In the most literal sense, the meaning of the sign is obvious. Of course tennis players are going to appreciate silence when they’re locked in a sweat-soaked match. But if we define “player” more broadly as someone involved in a game of any kind—say, the manipulation of a person’s emotions, or the pursuit of something beautiful yet elusive—could silence be a showing of strength and confidence? Let’s say you work at a car dealership and two of your coworkers are trying to a sell that shitty Jeep Patriot that’s been sitting in the back lot for years, accumulating moss on the undercarriage. The first salesperson, whom we’ll call Joey, is bragging about how he’s got the latest prospective customer hooked, and how he’s about to go in for the kill. But the second salesperson, whom I’m calling Beth, is cagier; merely alluding to a prospective Jeep Patriot buyer and offering little more than a cool smile when you ask, “How?!?” If I have to place bet on who’s selling the old Jeep, it’s Beth, with her self-assured silence.
Now let’s apply this idea to one of the most beloved recreational activities in New England—Leaf Peeping! It’s now late September, which means that far northern New England is already approaching peak foliage, and the southern realms are rapidly trending toward auburn. People are scrambling to make their plans for leaf peeping voyages, and many of them will face a conflict. They want the most ethereal views of golden-hued valleys and canopies, ideally all to themselves, without the cacophony of car engines and iPhone camera sounds.
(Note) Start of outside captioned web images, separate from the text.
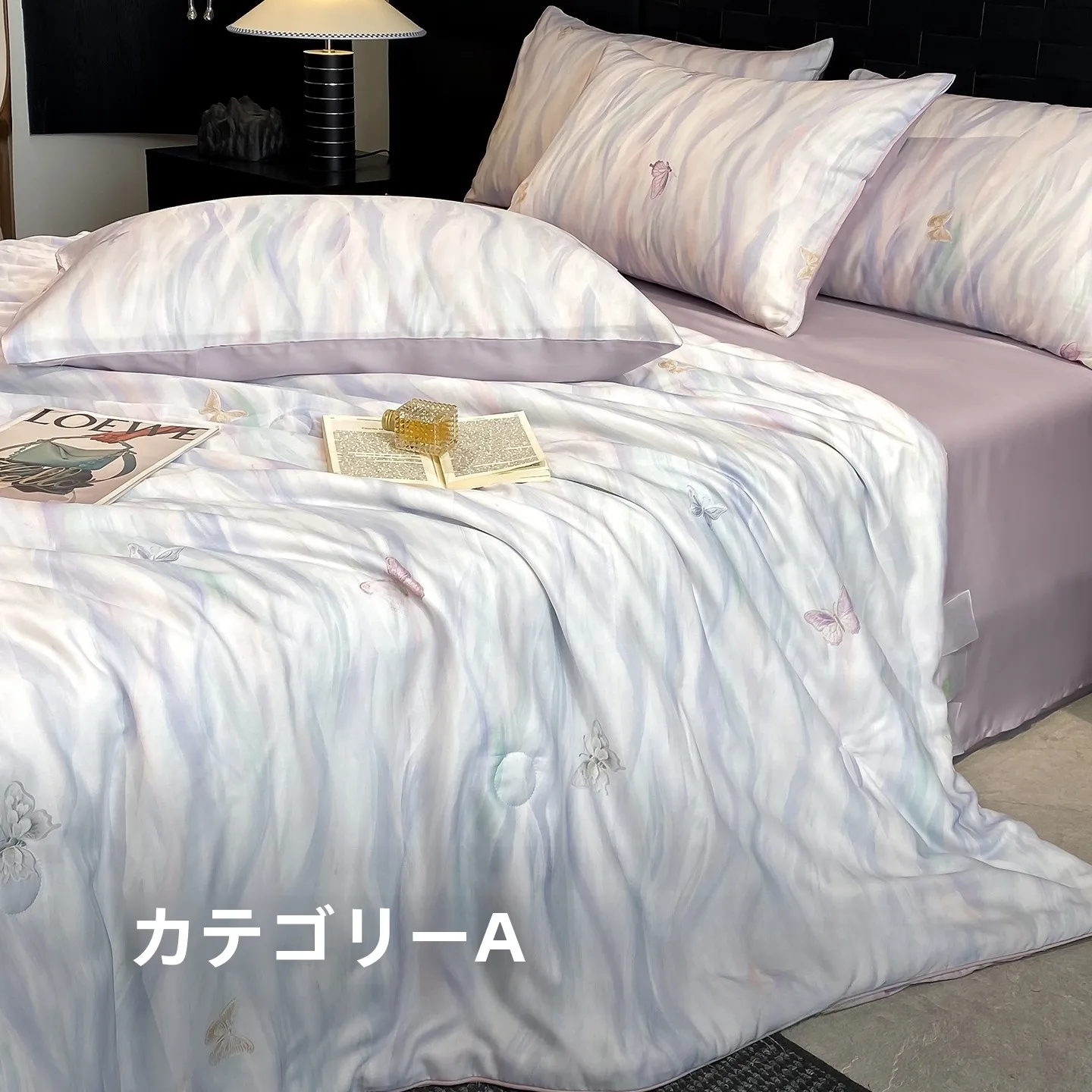 タオルケットを選ぶべきタイミングは？夏の部屋にぴったりな「肌触りの魔法」を体感する
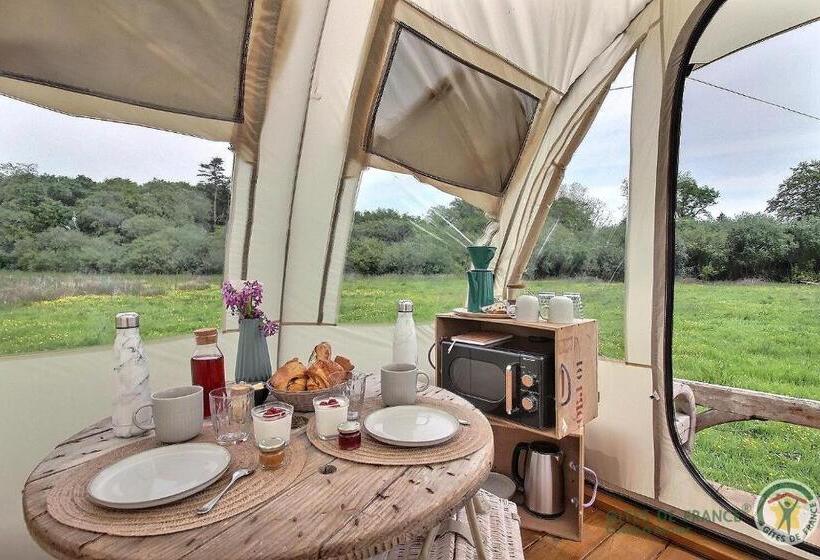 Bed and Breakfast La Caleche De Kergomar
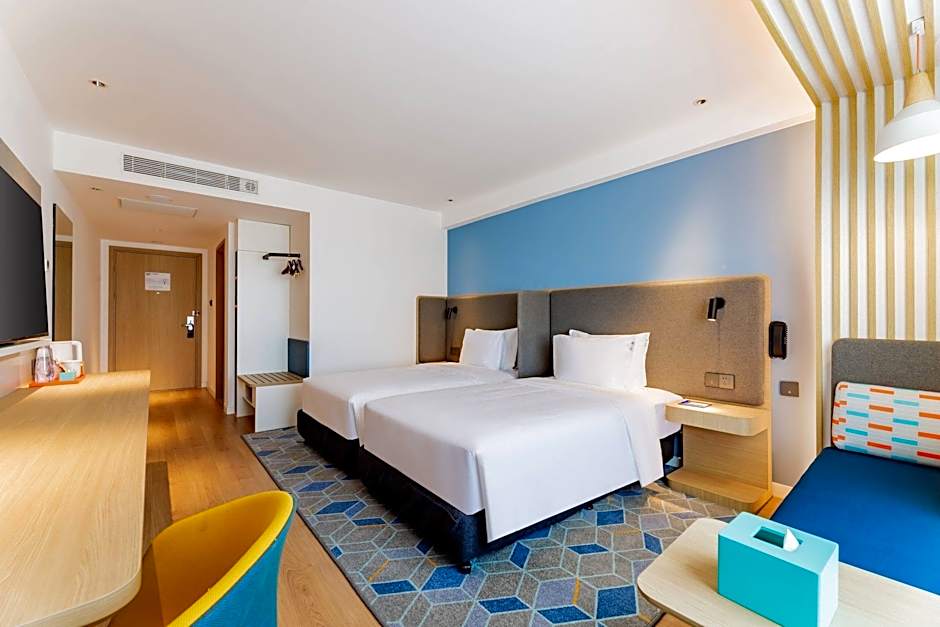 Holiday Inn Express Hohhot East Station By IHG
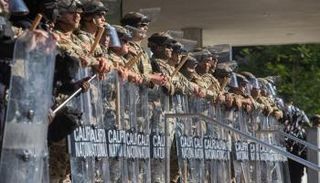 قوات الحرس الوطني في لوس أنجلوس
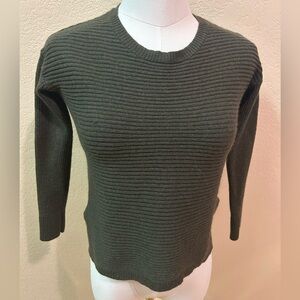 $15 Tahari Women's Ribbed Knit Sweater
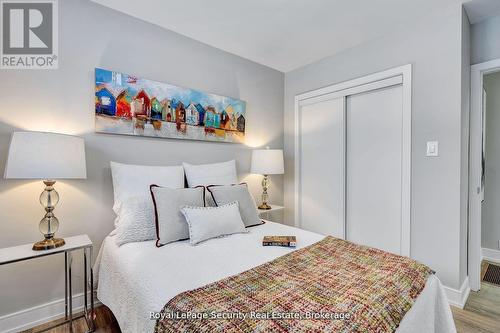 183 Sekura Street, Cambridge, ON - Indoor Photo Showing Bedroom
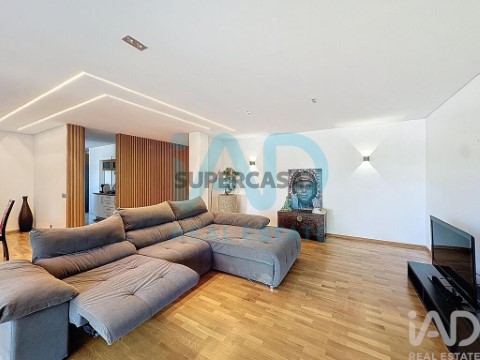 Apartamento T3 em Santo Tirso, Couto (S.Cristina e S.Miguel) e Burgães, Santo Tirso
But they also want that grease-stained bag of donuts at a cider mill, that mug of Hefeweizen in a beer garden, and that first cup of coffee on the porch of a fully-booked B&B at sunrise. In other words, they think they want silence but they actually crave the affirmative sound and fury of leaf peeping season; the satisfaction of being part of the commercial leaf peeping scene. But what if you did choose silence as your north star, skipping some of the commercial rituals of leaf peeping and allowing the quietude of an overlooked space to nourish you?